Los pobladores de Nahuaterique esperan que la creación del municipio contribuirá a que tanto las autoridades centrales como la Asociación de Municipios finalmente otorguen prioridad al desarrollo equilibrado de estos territorios, vía ordenamiento territorial, construcción de infraestructura, reforestación, centros de salud, escuelas y colegios.

Gracias a estos hondureños, cuyo amor y defensa de sus tierras se transmite de generación en generación, es que ha sido posible contener las pretensiones expansionistas salvadoreñas, y ese hecho debe ser enfatizado ya que el sentimiento de hondureñidad e identidad debe ser especialmente fortalecido entre su niñez y juventud.

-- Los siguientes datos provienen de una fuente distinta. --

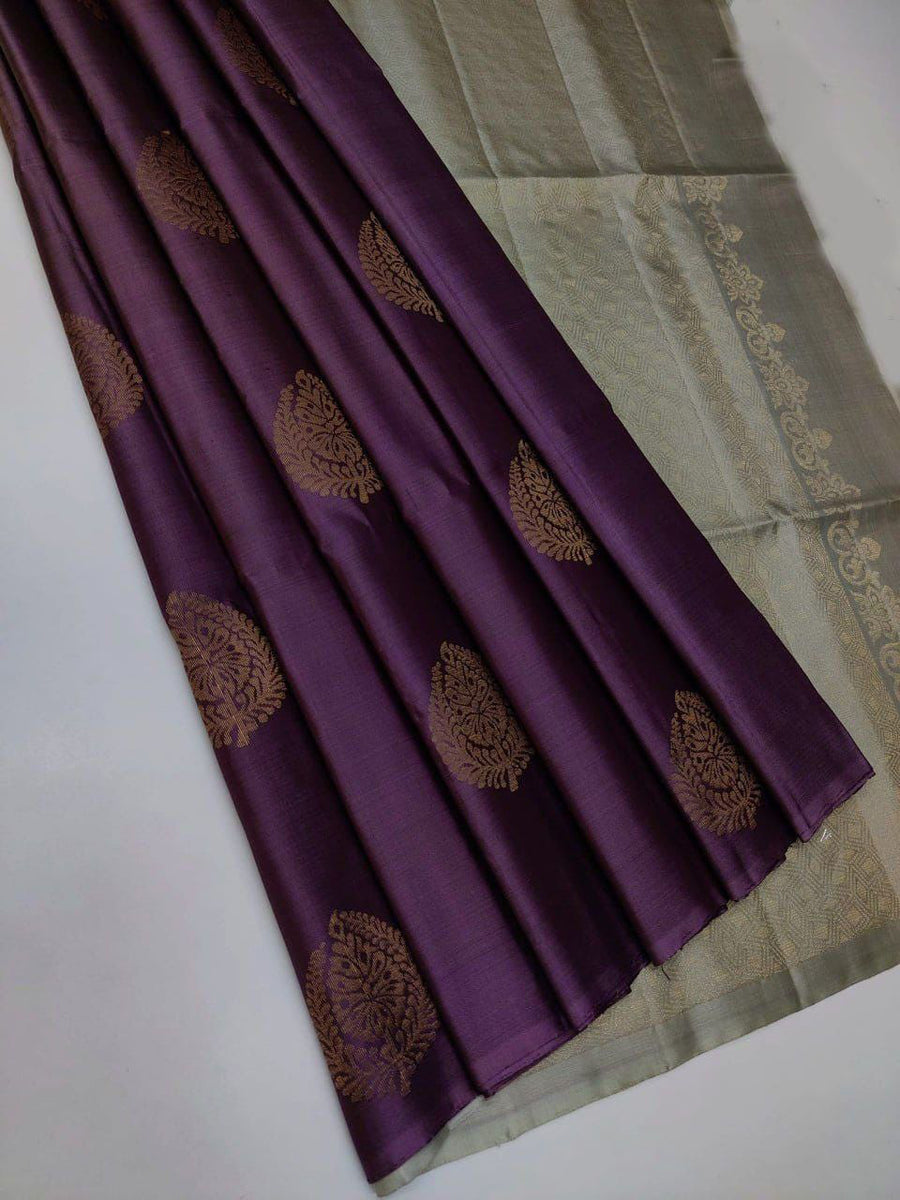 Purple Soft Silk Saree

Es de esperar que la decisión del Poder Ejecutivo de emitir un decreto contentivo de disposiciones pro desarrollo de esta región sea puesto en práctica a la brevedad y que la comisión interministerial que implementará esta legislación inicie sus actividades de inmediato.

Es lo menos que merecen estos sufridos y marginados hombres y mujeres, pertenecientes muchos de ellos a la etnia lenca, vanguardia de la soberanía patria, primera línea de defensa del territorio nacional, ubicados en un punto geoestratégico vital para nuestros intereses.